* **Provided data**
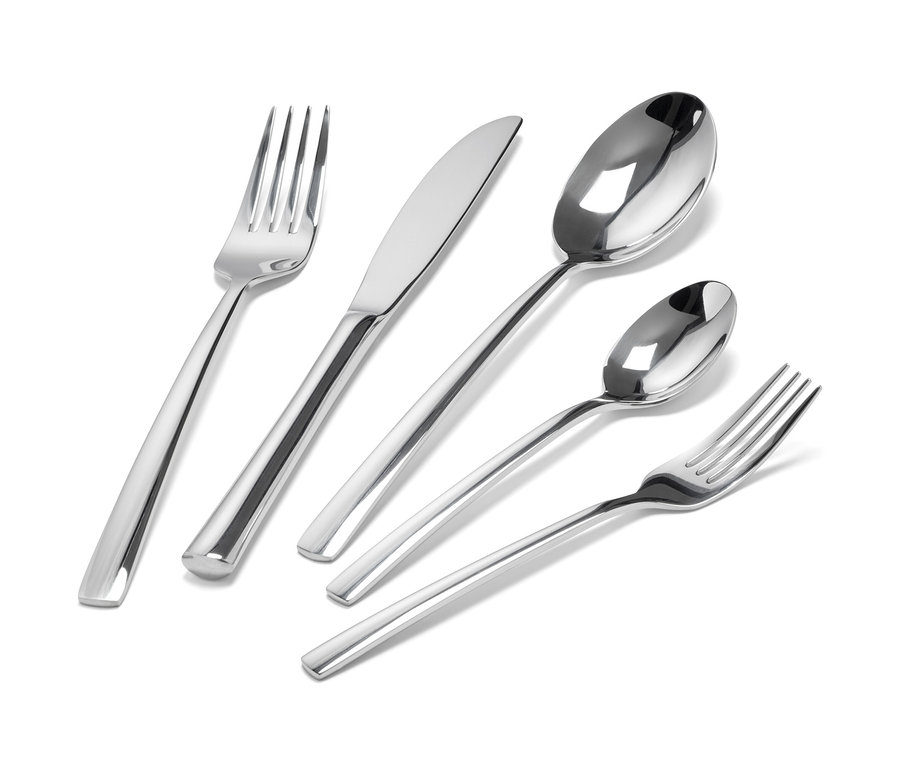 Zestaw sztućców, 20-częściowy, w kolorze stali szlachetnej, z dwoma widelcami, nożem i dwiema łyżkami.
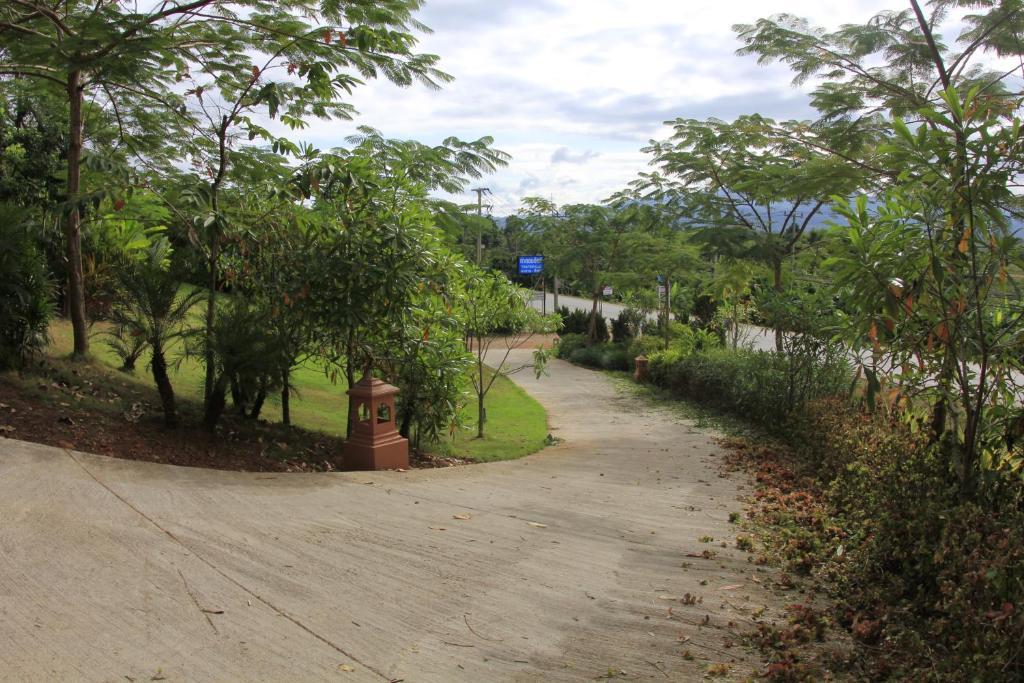 Thaton Hill Resort Mae Ai Exterior photo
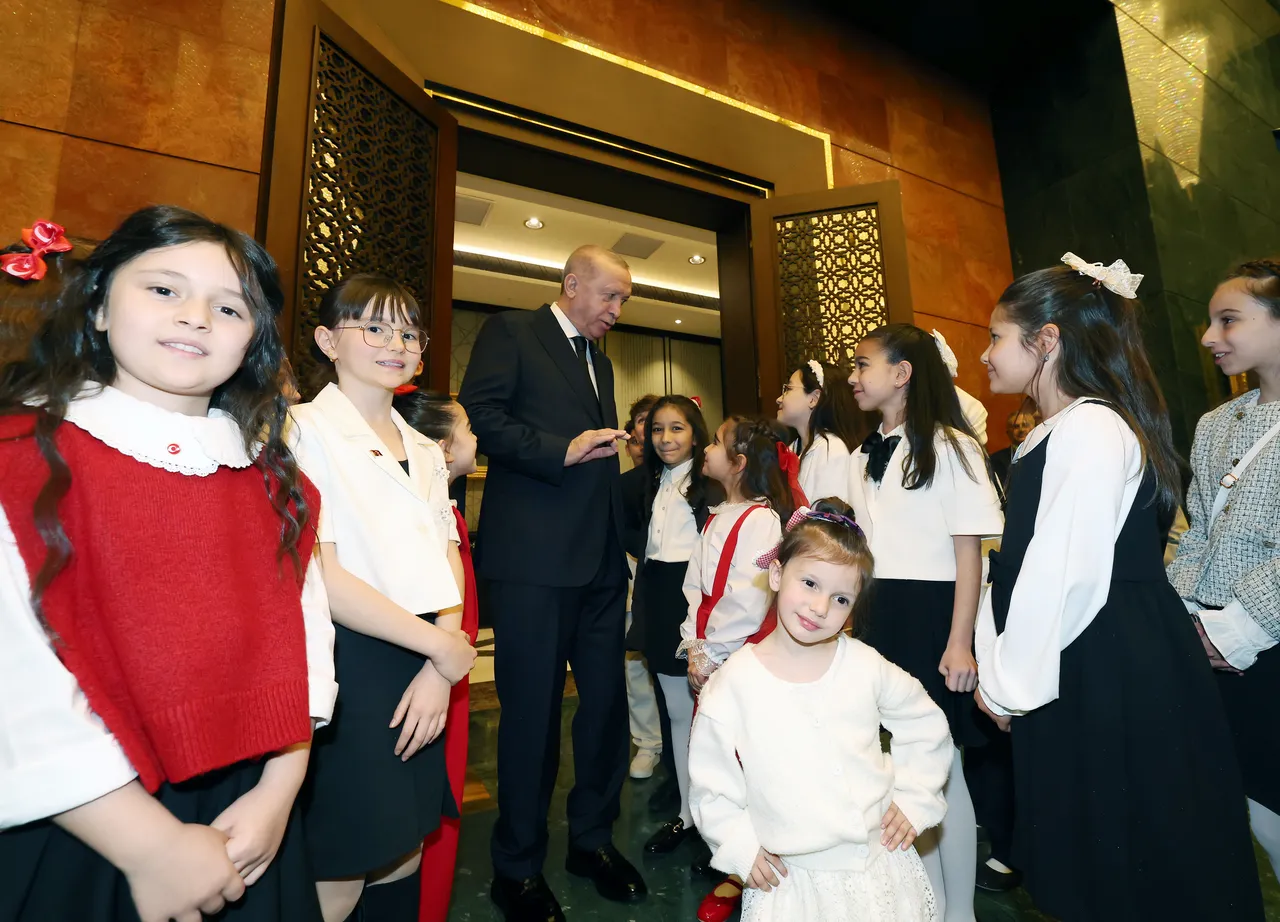 Külliye’de duygu dolu 23 Nisan! Hem ağladı, hem Cumhurbaşkanı’nı ağlattı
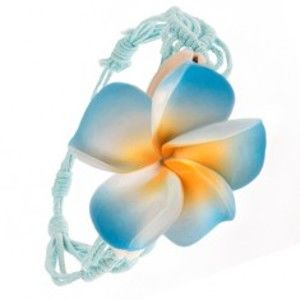 Šperky eshop - Bledomodrý pletený náramok, vzor vĺn, modrý kvet, lastúry S54.24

* **What is needed**
In your copy, include no pictures and only the lines from the line with "Külliye’de duygu dolu" through the final line of the listing above, reproduced exactly.

* **Exercise output**
 Külliye’de duygu dolu 23 Nisan! Hem ağladı, hem Cumhurbaşkanı’nı ağlattı
 Šperky eshop - Bledomodrý pletený náramok, vzor vĺn, modrý kvet, lastúry S54.24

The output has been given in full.